Knowledge, in Real Time

Wide Angle / by Greg Boustead /

A new picture of science — and possibly future innovation — comes into focus with the mapping of scientists’ online research behavior.

What do scientists read when they don’t think anyone is looking? Is it possible to anticipate emerging areas of research before they exist? If we could take a real-time snapshot of innovation, what would it look like? For the first time, we may now have some answers.

Picture this: the whole of human knowledge as a figurative mind that can selectively focus on certain areas. It’s a profound notion, and visualizing such a construct is an enormous undertaking. But with last week’s release of a new “map of science,” a team of researchers led by Johan Bollen is attempting to do just that — with a high-resolution visualization of how scientific literature is accessed based on users’ downloading and browsing behavior, known as clickstream data. This usage data was collected, aggregated, and normalized across a wide variety of journal publishers and institutions. The result is a network map with color-coded nodes (clusters of research articles from different fields) and interconnected lines (shaped by users’ clickstreams), demonstrating the connections among a comprehensive sample space of scholarly research.

A new map of science based on clickstream data. Click to enlarge. Credit: PLoSOne

This isn’t the first attempt to extract meaning from the referential loops within scientific literature.

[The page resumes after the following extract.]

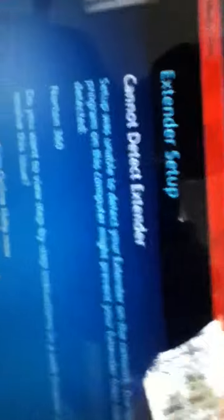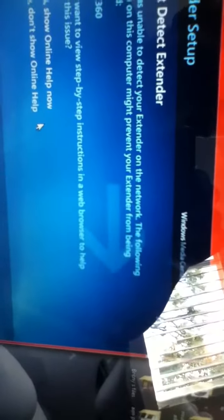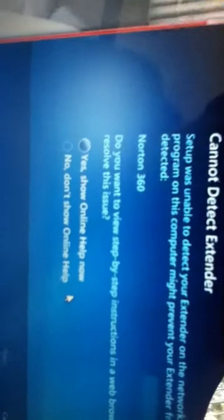There you go. Setup was unable to connect your Extender to the network. The following programs on this computer might prevent your Extender from being detected by the Xbox 360.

In 2006, Columbia University’s W. Bradford Paley released an influential map of science based on data from Thomson Scientific, a firm that tracks article citations across scholarly journals. More recently, Carl Bergstrom, a biologist from the University of Washington, has developed a suite of innovative visualizations based on his own citation data sets for a venture called Eigenfactor. His method draws from network science and information theory to determine how often specific articles cite other articles as part of a relative ranking system for journals.

What makes the new map special is its use of clickstream data. “Bollen has shown clearly that people’s downloading behavior provides a very strong signal in terms of the structure of scientific endeavors,” says Bergstrom, a pioneer in visualizing trends in scientific research. “It was an open question until they did this work.”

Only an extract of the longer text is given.